We also argue that regulatory risk-free labels are especially problematic as a form of intervention, and should be discouraged. As a first step, we argue for presumptively treating labels as express guarantees by the labeling government. Overall, our framework for analyzing safe assets suggests that macroprudential policy can accomplish a lot with existing regulatory tools, and may not require a new space-age toolkit.

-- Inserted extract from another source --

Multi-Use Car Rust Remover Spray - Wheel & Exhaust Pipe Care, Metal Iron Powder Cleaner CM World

Safe assets have been described as the cornerstone of the global financial system, the essential ingredient of finance in danger of getting “squelched” by overzealous regulation—and at the opposite extreme, as a dangerous falsehood, a mutant meme whose replication must be stopped. Legal fictions have elicited similar rhetoric for centuries: Jeremy Bentham memorably described them as “a wart, which … deforms the face of justice,” or, worse, “a syphilis,” which makes the law rot from within. Courts, legislatures, and administrators today show no sign of abandoning fictions. So, too, with safe assets. In a world where no contract is risk-free, they meet functional needs of market participants and policymakers to act “as if.” The law is essential to constructing safe assets, and to managing the risks they pose for financial stability.

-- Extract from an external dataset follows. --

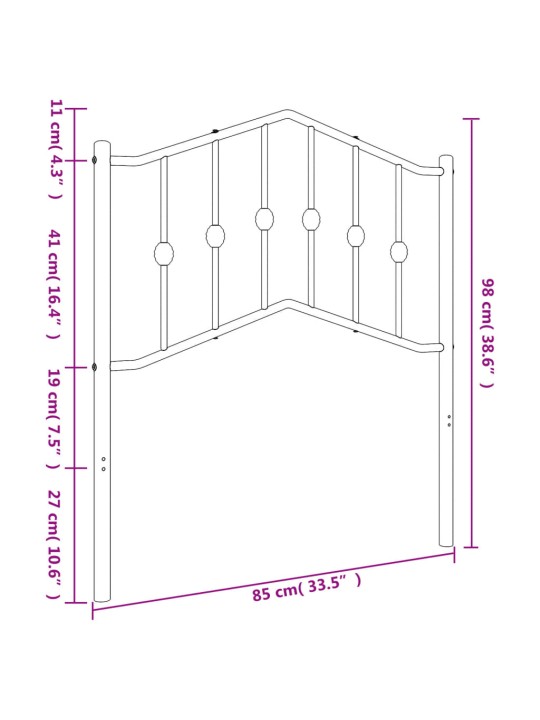 Metallinen sängynpääty valkoinen 80 cm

The full article is available here.
1. US Treasuries were already exempt under the Dodd-Frank Act. Foreign government debt gained a partial and qualified exemption in 2014.
2. The $114 trillion estimate is the sum of $74.4 trillion in potential safe assets held by wholesale investors in June 2011, and $40 trillion in customer bank deposits at the end of 2010 (fig. 3.4 and n.16). IMF staff analysis excludes deposits because (i) they reflect primarily household and nonfinancial firm holdings and (ii) present distinct financial stability concerns. We add back deposits because claims on banks figure prominently in other leading treatments of safe assets. For US economic output, see GDP (Current US$), World Bank (last visited March 12, 2015).
3. Our view of safe assets is close to what Brunnermeier and Haddad have described in a recent presentation as the “Safe Asset Tautology” view, in which “an asset is safe as long as it is perceived to be safe.” Markus Brunnermeier and Valentin Haddad, Safe Assets, Federal Reserve Bank of New York, October 17, 2014 (contrasting the “Safe Asset Tautology” with the “Good Friend Analogy,” in which safe assets are “safe across any horizon,” including in crisis). In our view, while some assets might pay off in full in more states of the world, all require a leap of faith to be used as if they were risk-free. While we concur with the authors’ assessment of bubble and bust risks inherent in the safe asset tautology, we are hard pressed to find safe assets outside the tautology.